Design ?: gather data from multiple MSSQL databases

MSSQLN00b2 · August 5, 2015, 2:44am

I've been asked to assist a friend in producing some combined reports from several of his stores. The software he uses is a client/server .net winforms application connecting to an MSSQL db. There is one server per store but they are connected via vpn and the vendor has given him access to a readonly user to produce his reports.

We are using MSSQL Express with db links to the stores' databases. I am thinking that we will need a Store table to identify the source of the data being pulled back. Then I will populate the customer, product, manufacturer data while maintaining the store id. The problem I see is tying the customer data together to act as one customer; this will require using a table to identify the like customers and their external id.

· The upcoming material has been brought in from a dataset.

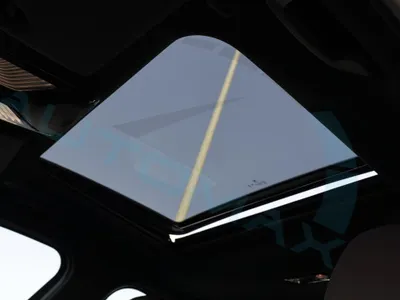 2025 بي ام دبليو الفئة الثالثة 330 أي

I know MSSQL Express doesn't have a job agent so I will either schedule task manager to command line sql scripts or write a windows service. Any ideas are greatly appreciated.

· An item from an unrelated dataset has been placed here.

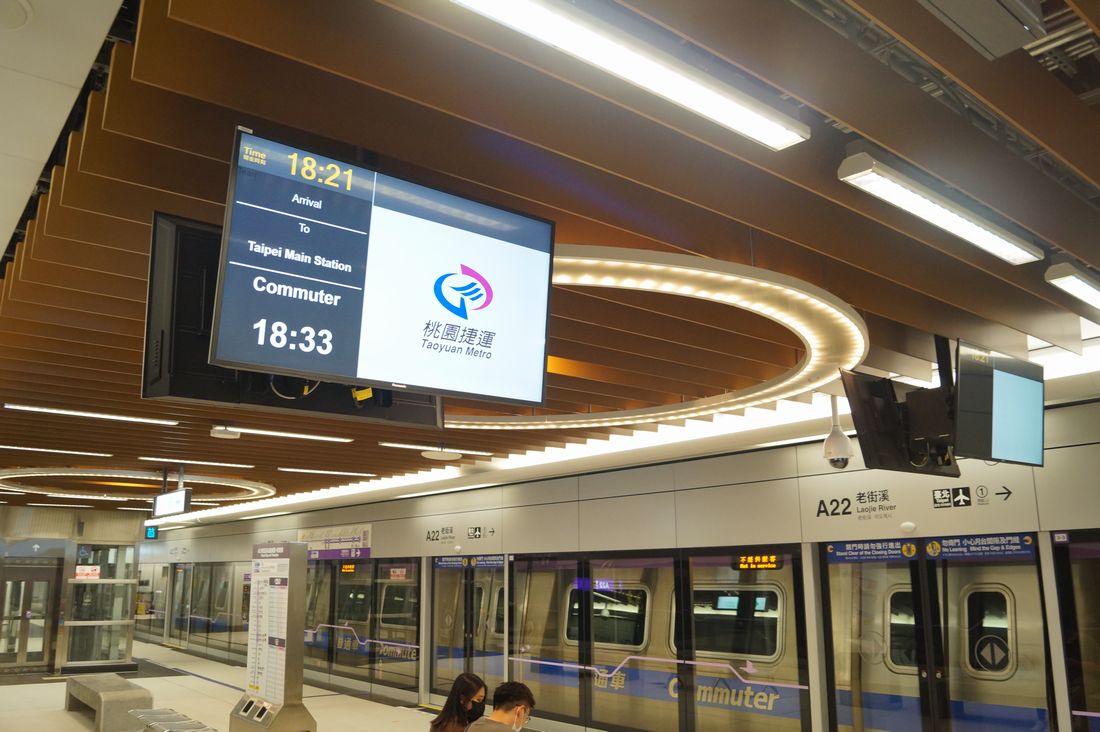 空港MRTの新駅「老街渓」駅開業日の様子。同線には快速（直達車）もあるが延伸開業区間は普通列車のみ乗り入れる（筆者撮影）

Kristen · August 5, 2015, 7:09am

We use Staging Tables for this type of activity, but it depends on your bandwidth and the size of the database. Obviously if the database is small enough you can just pull the data over the VPN; our databases aren't! I see lots of places doing "TRUNCATE LocalMasterTable; INSERT INTO LocalMasterTable SELECT * FROM RemoteLinkedServer.RemoteDatabaseName.dbo.RemoteTable" which is incredibly slow and scales really badly of course.

We create an XXX_XFER database, on the remote machine, and include in it a copy of all the tables that we want to pull data from. We add two columns (to the start of the list, easy them to add more columns to the end if the APP changes) for Action (1=Created, 2=Deleted) and a ModifiedDate. We then update this table ONLY with rows that have changed. If the APP has a ModifiedDate then use that as part of the selection (but we find that APP modify dates are rarely 100% accurate) and then a massive WHERE clause checking every column for differences (ask me if you need an example, we have things in ours that treat changes to Case and Trailing spaces as a difference, as well as handling NULL-in-one-but-not-the-other).

We ONLY set our ModifiedDate if a column that WE are interested in changes. Thus a column such as "ViewedByUserID" might change frequently, but that might not actually be of interest to us, no point "pulling" that record back to base until an important column changes.

OK, so now we have some Staging tables with all the latest data, from the APP database, in it. We now pull changed rows back to our central database - again, an XXX_XFER database with identical columns. We can find the MAX(ModifiedDate) in our central table and pull any/all rows with a newer ModifiedDate back and update our central table.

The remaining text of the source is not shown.